An alpenstock ( "alpine" +  "stick, staff") is a long wooden pole with an iron spike tip, used by shepherds for travel on snowfields and glaciers in the Alps since the Middle Ages. It is the antecedent of the modern ice axe. 

French-speaking climbers called this item a "baton". Josias Simler, a Swiss professor of theology at what later became the University of Zurich, published the first treatise on the Alps, entitled De Alpibus commentarius. T. Graham Brown described Simler's observations on gear for travel over ice and snow in the mountains: "In 1574, Simler published a commentary on the Alps which is remarkable for its description of the technique of glacier travel and for its proof that Simler himself had practical experience. He describes the alpenstock, crampons, the use of the rope, the necessity of protecting the eyes on snow by veils or spectacles; and he mentions that the leader on snow covered glaciers sounds for hidden crevasses with a pole."

Yvon Chouinard quotes Simler as writing, "To counteract the slipperiness of the ice, they firmly attach to their feet shoes resembling the shoes of horses, with three sharp spikes in them, so that they may be able to stand firmly.

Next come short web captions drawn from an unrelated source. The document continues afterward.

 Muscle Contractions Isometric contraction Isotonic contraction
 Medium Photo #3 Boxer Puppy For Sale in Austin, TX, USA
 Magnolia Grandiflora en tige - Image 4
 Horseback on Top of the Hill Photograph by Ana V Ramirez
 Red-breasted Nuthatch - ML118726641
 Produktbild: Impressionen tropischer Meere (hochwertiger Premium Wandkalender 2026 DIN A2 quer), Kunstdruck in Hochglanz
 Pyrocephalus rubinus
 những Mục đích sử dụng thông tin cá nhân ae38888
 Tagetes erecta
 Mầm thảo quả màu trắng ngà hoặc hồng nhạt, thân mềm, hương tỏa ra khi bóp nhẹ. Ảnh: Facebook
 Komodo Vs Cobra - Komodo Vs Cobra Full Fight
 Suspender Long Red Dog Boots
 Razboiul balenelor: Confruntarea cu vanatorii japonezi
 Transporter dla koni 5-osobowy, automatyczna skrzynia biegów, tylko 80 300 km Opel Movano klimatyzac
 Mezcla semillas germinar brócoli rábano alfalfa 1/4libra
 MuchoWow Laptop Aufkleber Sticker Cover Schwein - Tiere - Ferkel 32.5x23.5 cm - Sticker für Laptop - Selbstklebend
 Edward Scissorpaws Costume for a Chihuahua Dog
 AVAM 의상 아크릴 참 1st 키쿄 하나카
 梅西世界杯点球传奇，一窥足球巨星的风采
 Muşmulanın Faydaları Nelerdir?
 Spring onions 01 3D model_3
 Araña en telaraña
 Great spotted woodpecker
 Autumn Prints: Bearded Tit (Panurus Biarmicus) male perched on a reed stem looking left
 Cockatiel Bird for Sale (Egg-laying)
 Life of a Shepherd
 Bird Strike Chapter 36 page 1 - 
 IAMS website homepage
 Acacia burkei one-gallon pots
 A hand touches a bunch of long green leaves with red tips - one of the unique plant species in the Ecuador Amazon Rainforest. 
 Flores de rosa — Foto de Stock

In some places they use sticks tipped with iron, by leaning upon which they climb steep slopes. These are called alpine sticks, and are principally in use among the shepherds."

On August 8, 1786, Jacques Balmat and Michel-Gabriel Paccard made the first ascent of Mont Blanc. Balmat, a chamois hunter and crystal collector, had experience with high mountain travel, and Paccard had made previous attempts to climb the peak. Illustrations show Balmat carrying two separate tools (whose respective functions would later be re-assigned to the ice axe): an alpenstock (or baton), and a small axe that could be used to chop steps on icy slopes.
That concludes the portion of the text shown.